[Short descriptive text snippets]
● ● ●

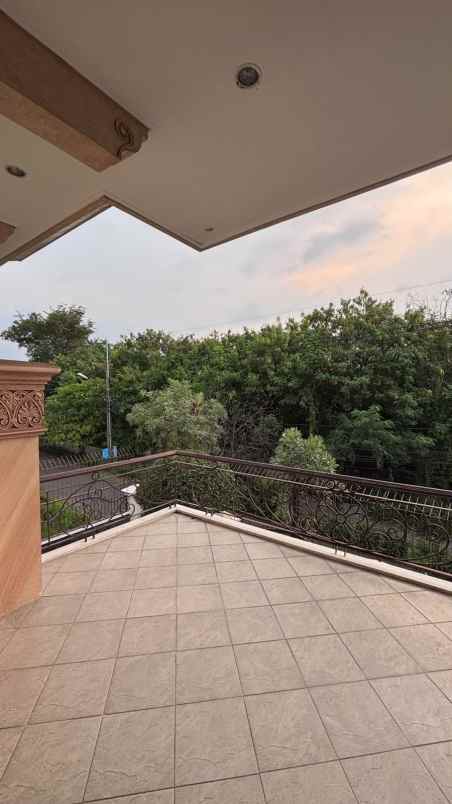 dijual rumah galaxy bumi permai araya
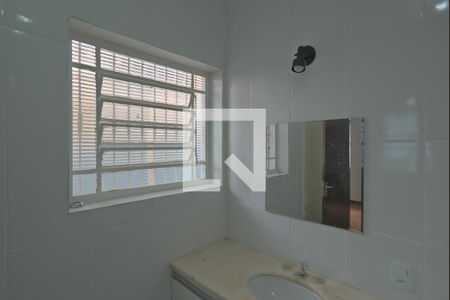 Casa para alugar com 205m², 3 quartos e 3 vagas Casa para alugar com 205m², 3 quartos e 3 vagasBanheiro da Suíte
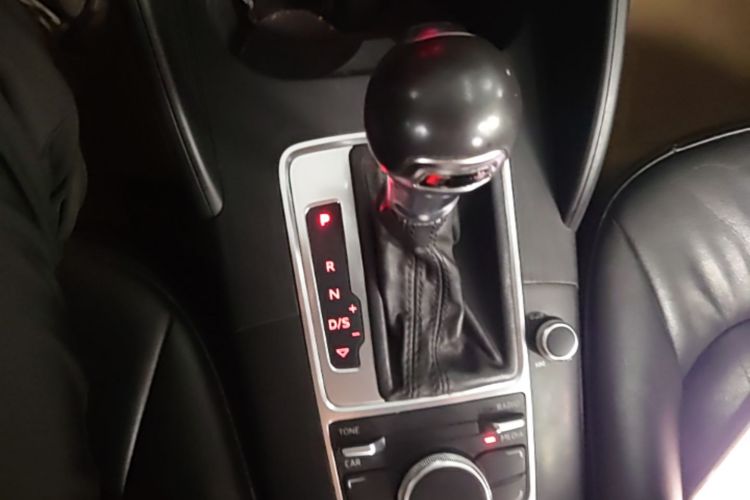 Audi A3 2015 car image #14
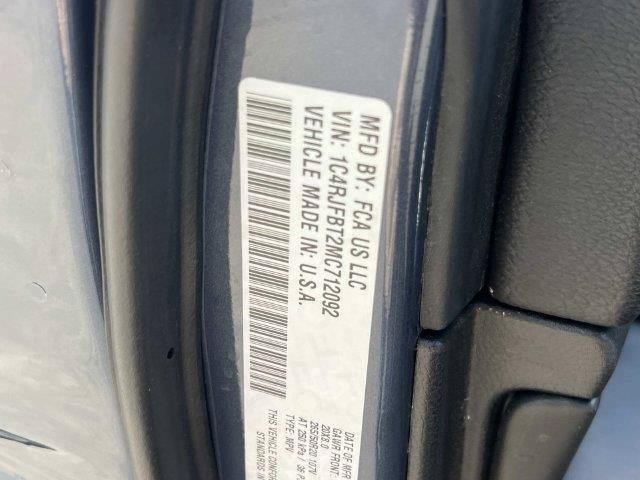 Used 2021 Jeep Grand Cherokee Limited w/ Sun & Sound Group AWD/4WD image 18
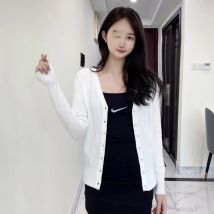 Black Cropped Cardigan Female Clothing Jersey Blouses Women's Coat Spring 2025 Long Sleeve Top Korean Fashion Knitted Sweater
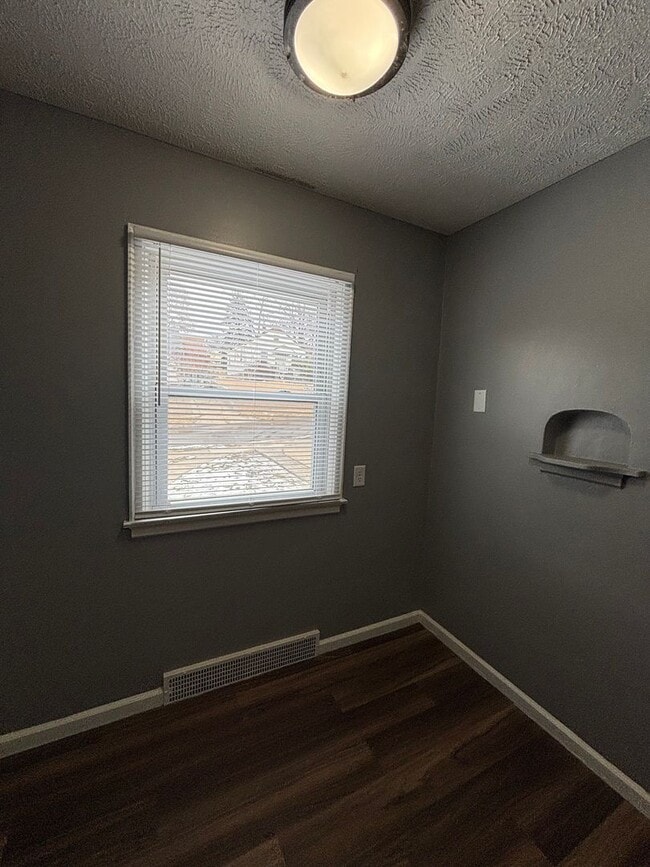 Building Photo - Spacious 4 Bedroom 1.5 Bath House!!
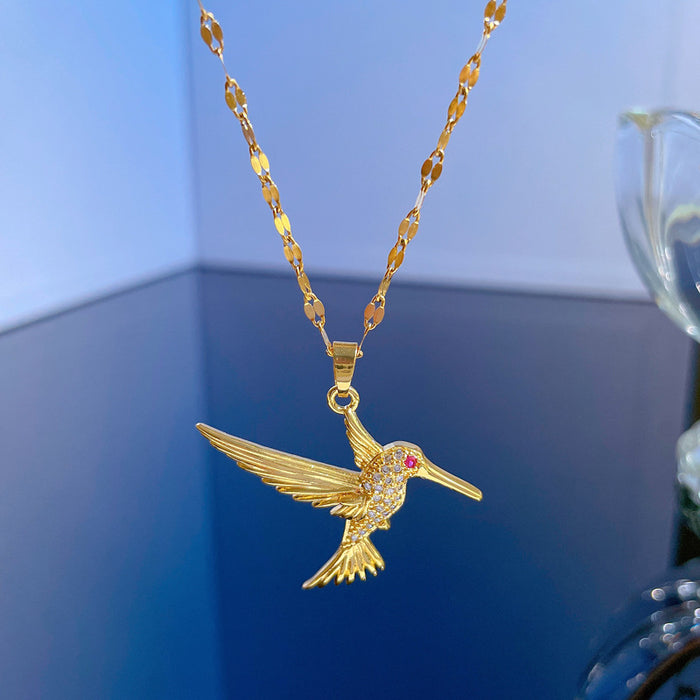 Wholesale Necklace Titanium Steel Flying Bird Woodpecker Micro Inlaid Real Gold MOQ≥2 JDC-NE-LG004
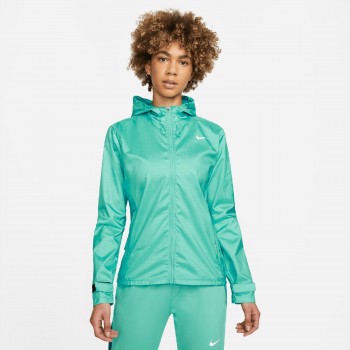 Shop Nike Jackets, Parkas and Vests with discounts in Sportland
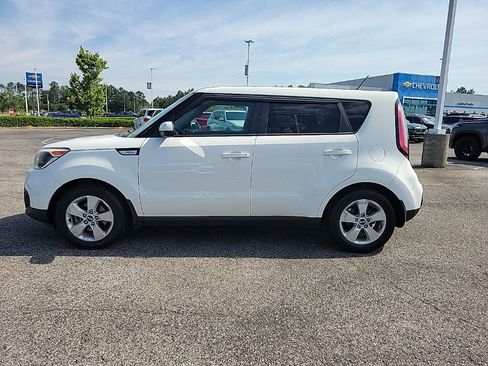 Used 2018 Kia Soul FWD image 3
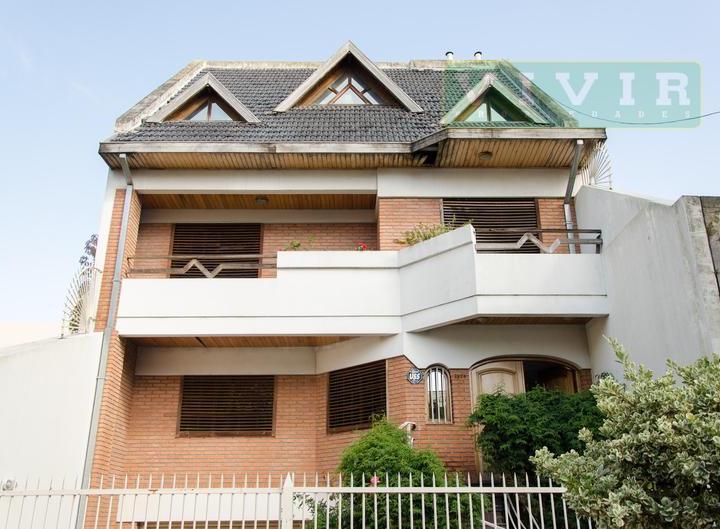Casa · 531m² · 7 Ambientes · 3 Cocheras
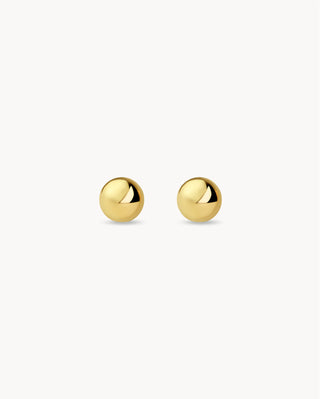 Par de aretes stud de esfera dorada brillante sobre fondo blanco, joya waterproof de Pialü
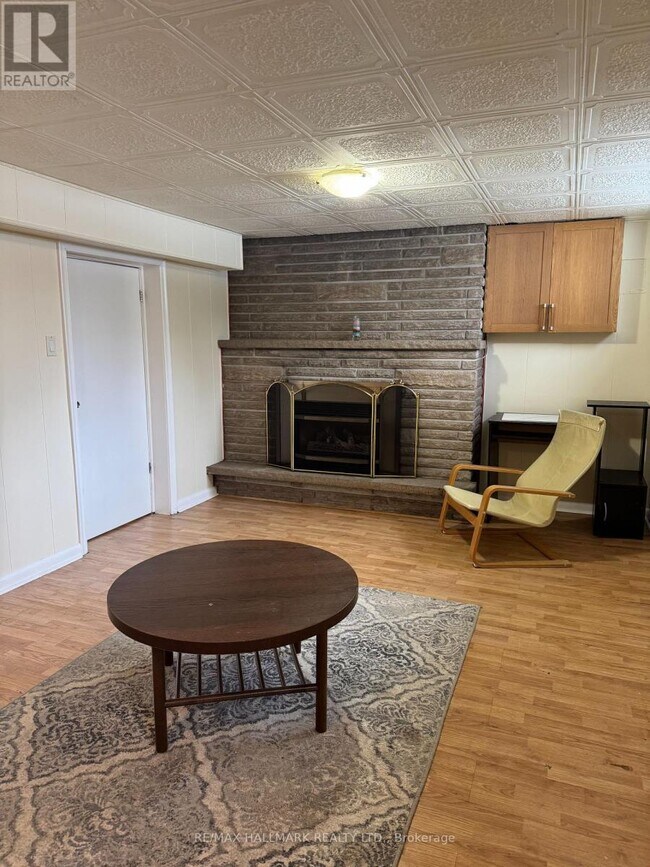 Photo - 207 Lawrence Ave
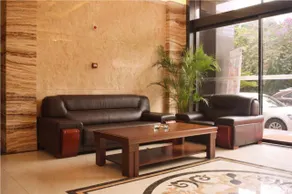 Chengdu Luhu Hotel - Image 2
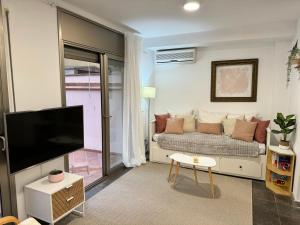 Afbeelding uit fotogalerij van Private terrace 1BR apt - 4min walk to the beach in Pineda de Mar +33 foto's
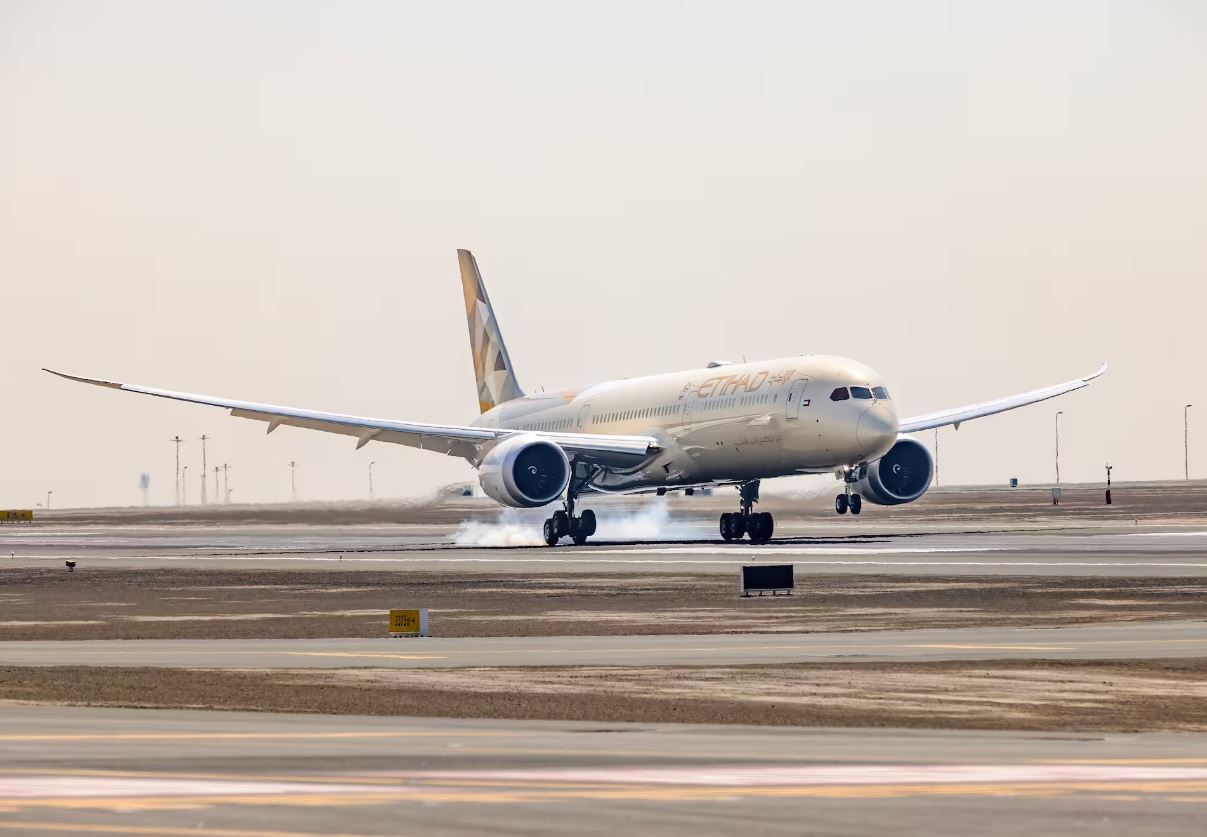 Etihad welcomes new Boeing 787-10 Dreamliner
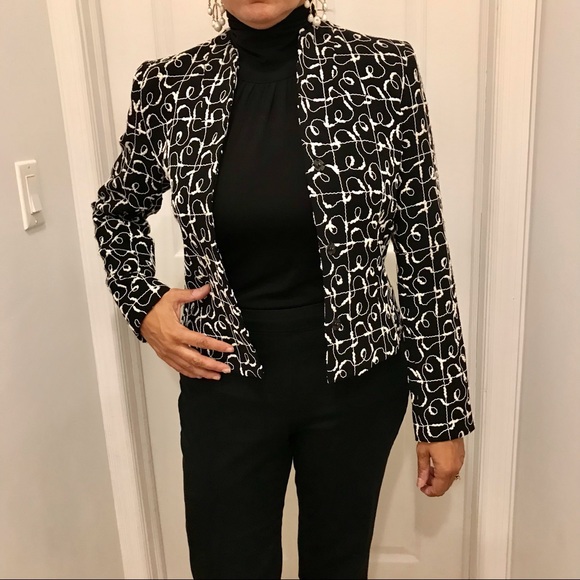 Vintage Neiman Marcus black and white wool swirl design cropped jacket. Size 4 - Picture 11 of 11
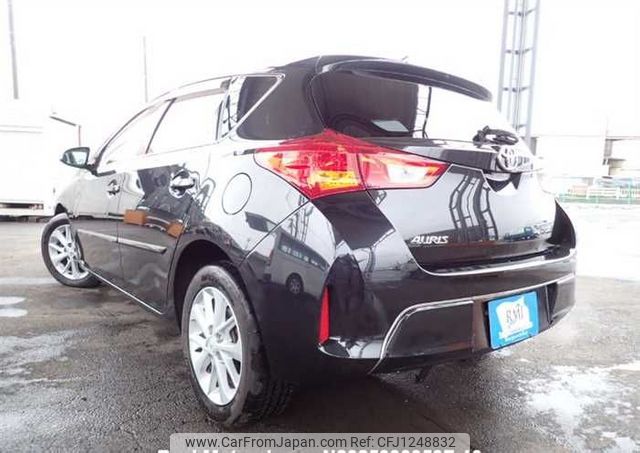 toyota auris 2012 646828-N2025030053F-10 image 2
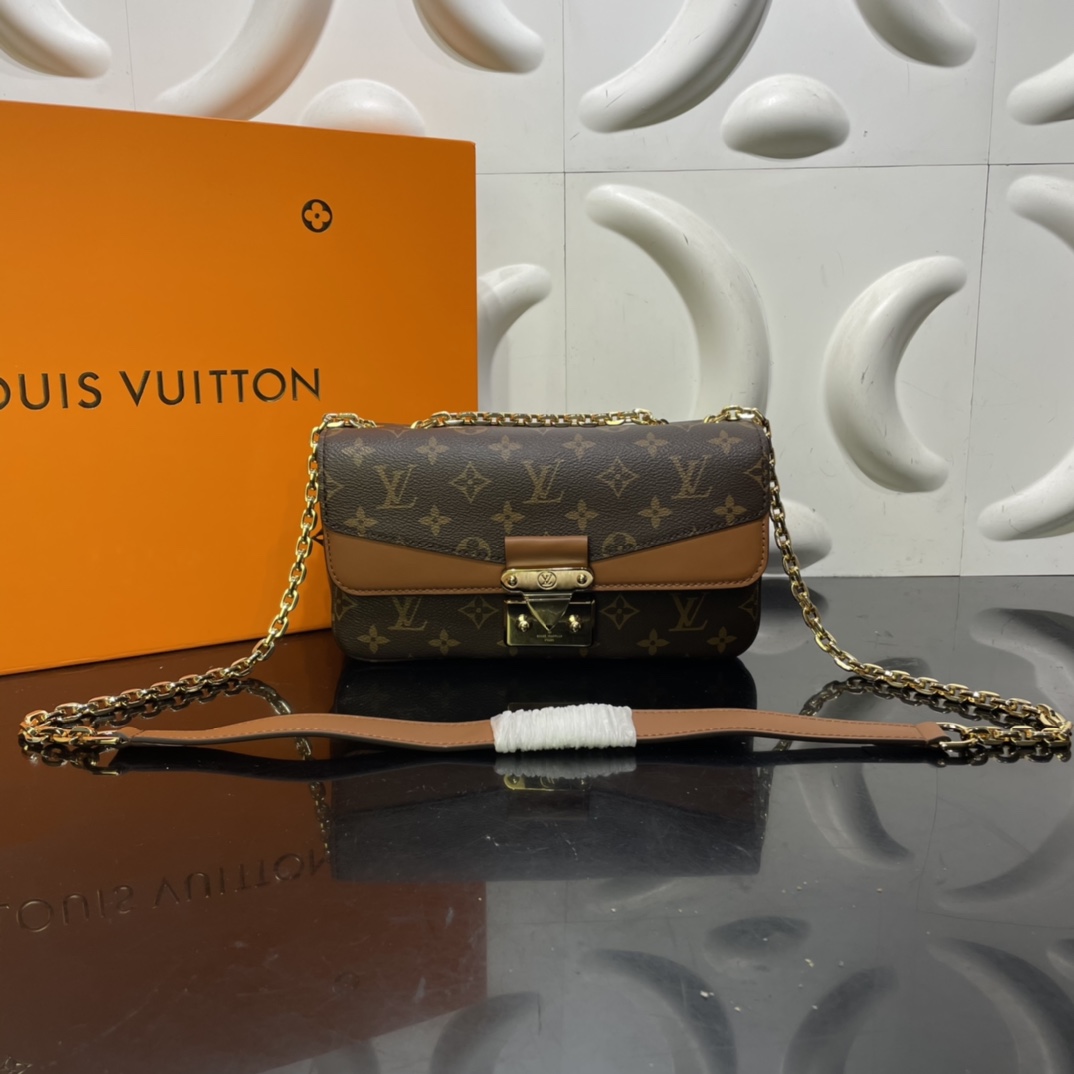 Louis Vuitton LV Pochette MeTis Handbags Crossbody & Shoulder Bags Monogram Canvas Cowhide Spring Collection Chains M46126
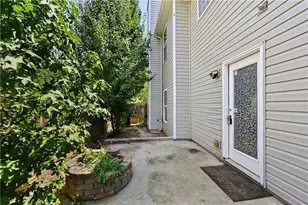 4201 Ash Tree St, Snellville, GA 30039 - Photo 35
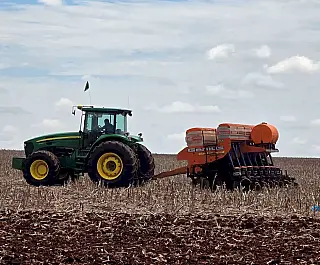 Caarapó chega a 40% do plantio de soja e supera média estadual da safra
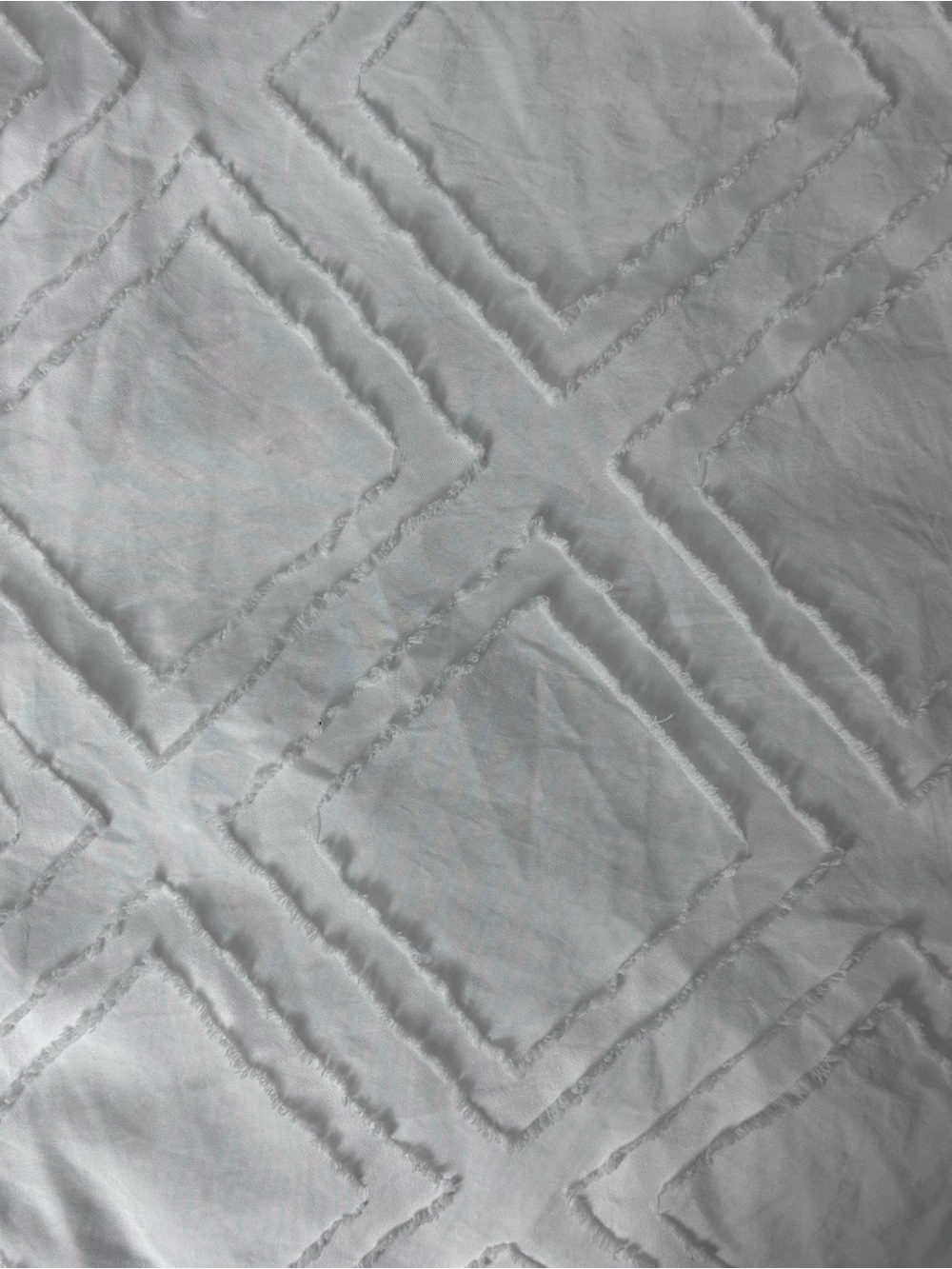SOCIAL STANDARD White Diamond-Quilted Comforter - White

● ● ●

== What to work on ==
Pictures do not belong in your copy; restate word for word the lines from the one containing "Casa · 531m² · 7 Ambientes · 3 Cocheras" through the last line of the records above.

== Problem solution ==
Casa · 531m² · 7 Ambientes · 3 Cocheras
 Par de aretes stud de esfera dorada brillante sobre fondo blanco, joya waterproof de Pialü
 Photo - 207 Lawrence Ave
 Chengdu Luhu Hotel - Image 2
 Afbeelding uit fotogalerij van Private terrace 1BR apt - 4min walk to the beach in Pineda de Mar +33 foto's
 Etihad welcomes new Boeing 787-10 Dreamliner
 Vintage Neiman Marcus black and white wool swirl design cropped jacket. Size 4 - Picture 11 of 11
 toyota auris 2012 646828-N2025030053F-10 image 2
 Louis Vuitton LV Pochette MeTis Handbags Crossbody & Shoulder Bags Monogram Canvas Cowhide Spring Collection Chains M46126
 4201 Ash Tree St, Snellville, GA 30039 - Photo 35
 Caarapó chega a 40% do plantio de soja e supera média estadual da safra
SOCIAL STANDARD White Diamond-Quilted Comforter - White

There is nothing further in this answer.